◆ **DATA EXCERPT**
--------

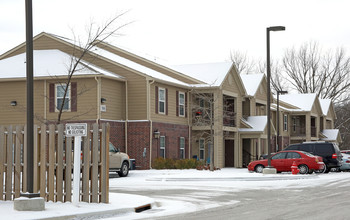 Rolling Meadows Apartments in Glenpool, OK - Building Photo - Building Photo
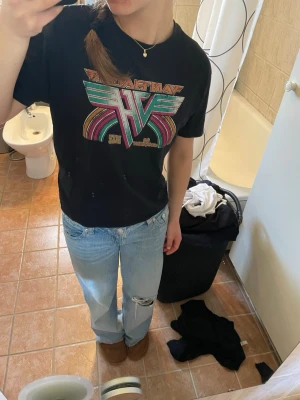 Svart T-shirt med Van Halen tryck - Säljer en svart T-shirt med Van Halen tryck på bröstet. Tröjan är i storlek 146/152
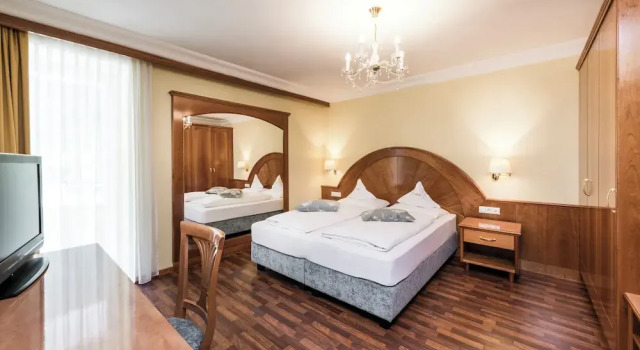 Двухместный семейный номер Standard The Oswald Grand Hotel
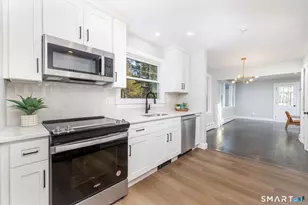 51 Hepburn Rd, Hamden, CT 06517 - Photo 2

--------

◆ **TASK TO CARRY OUT**
Pictures are not part of the copy; retype all the other material exactly.

◆ **RESPONSE**
 Rolling Meadows Apartments in Glenpool, OK - Building Photo - Building Photo
 Svart T-shirt med Van Halen tryck - Säljer en svart T-shirt med Van Halen tryck på bröstet. Tröjan är i storlek 146/152
 Двухместный семейный номер Standard The Oswald Grand Hotel
 51 Hepburn Rd, Hamden, CT 06517 - Photo 2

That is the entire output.